Task item »
Transcribe the data verbatim and drop its images.

Provided information »

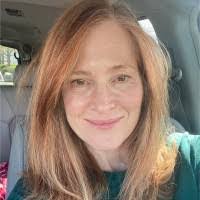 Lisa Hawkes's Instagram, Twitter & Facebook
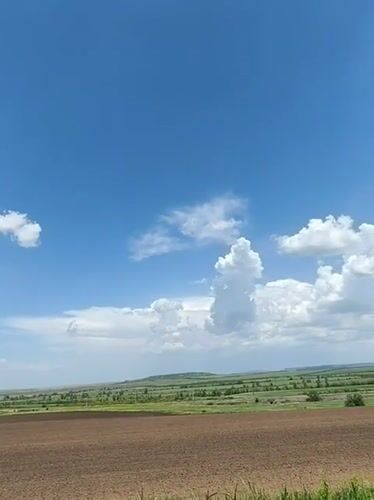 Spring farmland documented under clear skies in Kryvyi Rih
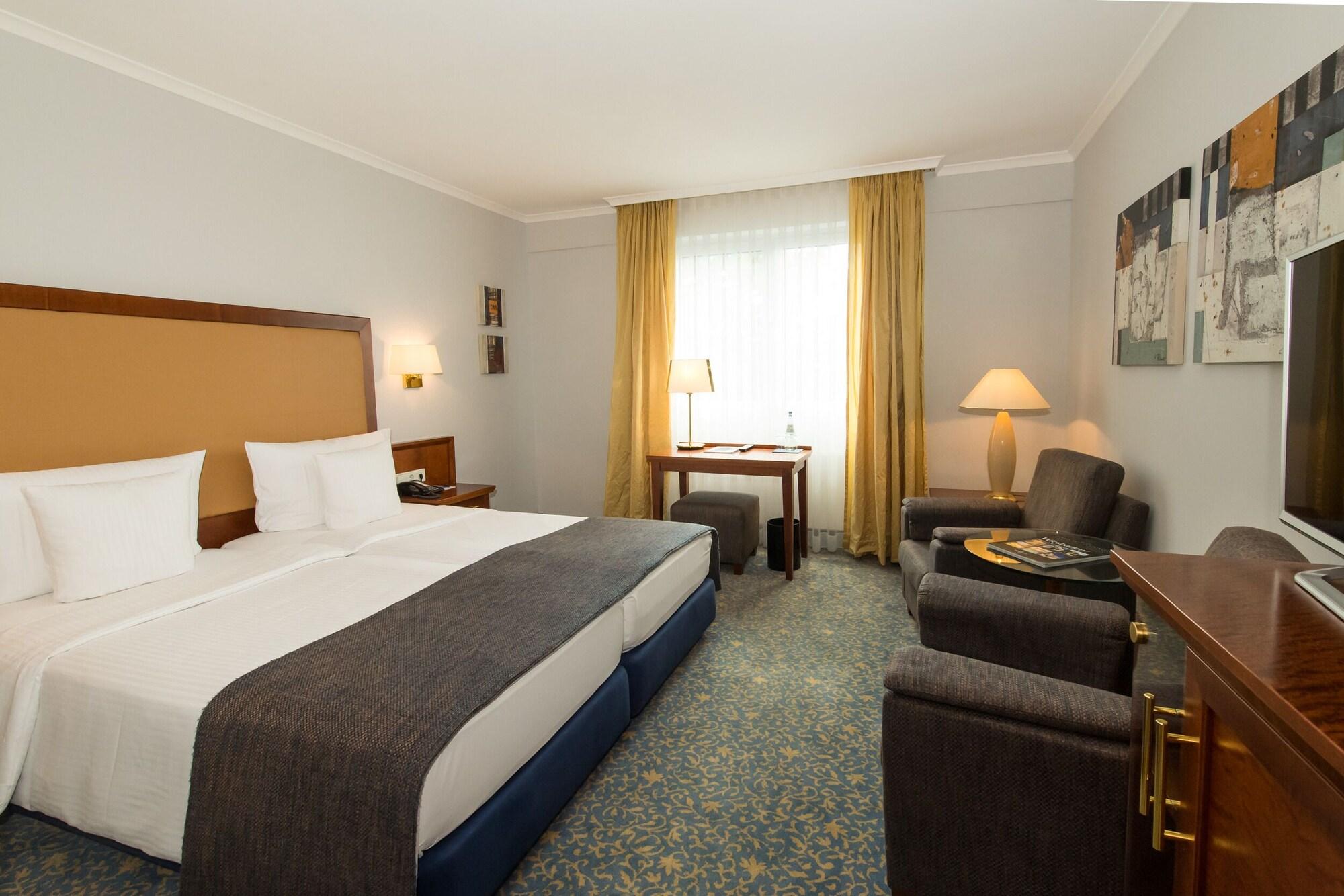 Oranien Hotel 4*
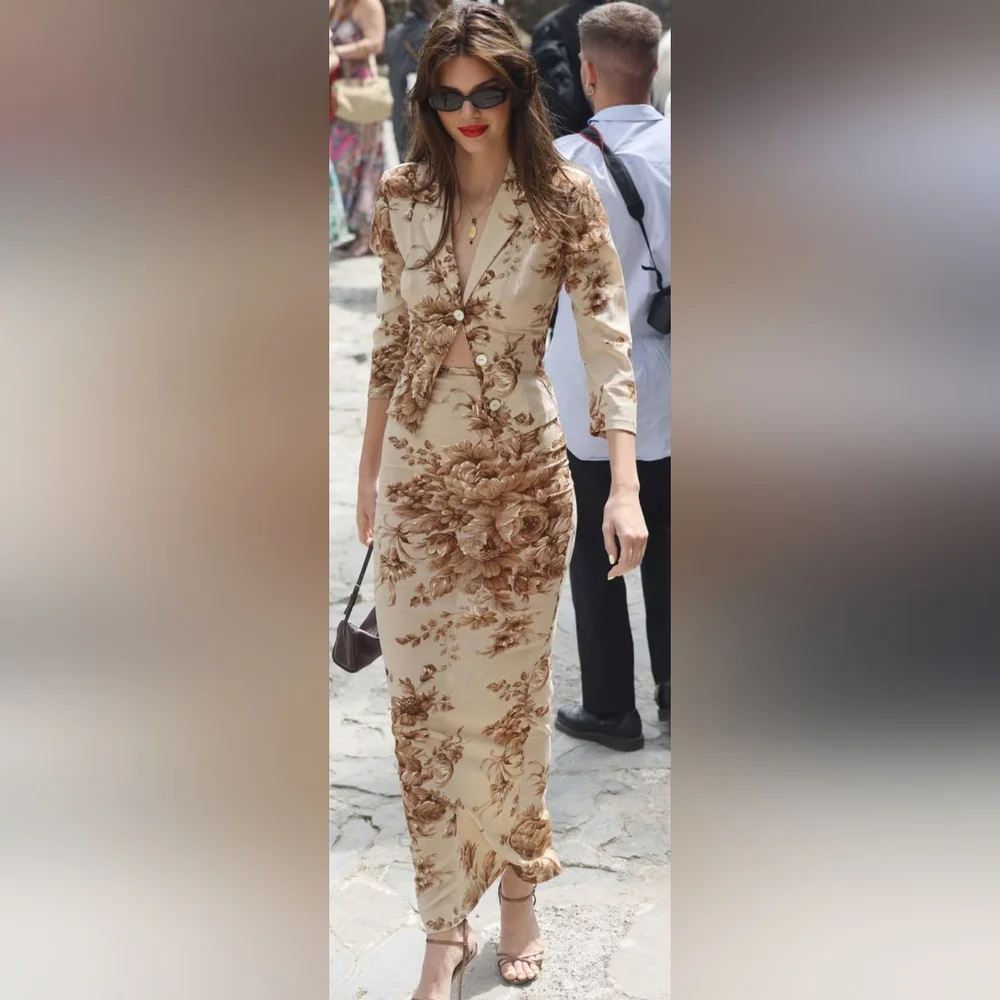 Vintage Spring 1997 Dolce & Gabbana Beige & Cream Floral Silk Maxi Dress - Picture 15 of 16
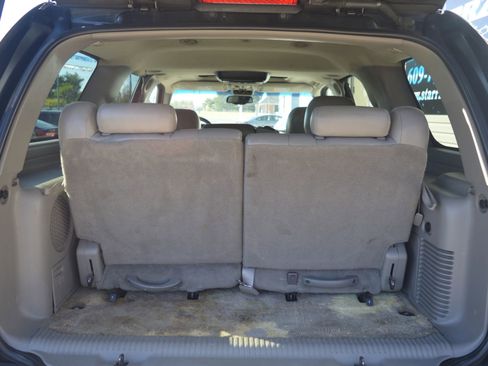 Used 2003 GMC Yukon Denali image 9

Answer below »
 Lisa Hawkes's Instagram, Twitter & Facebook
 Spring farmland documented under clear skies in Kryvyi Rih
 Oranien Hotel 4*
 Vintage Spring 1997 Dolce & Gabbana Beige & Cream Floral Silk Maxi Dress - Picture 15 of 16
 Used 2003 GMC Yukon Denali image 9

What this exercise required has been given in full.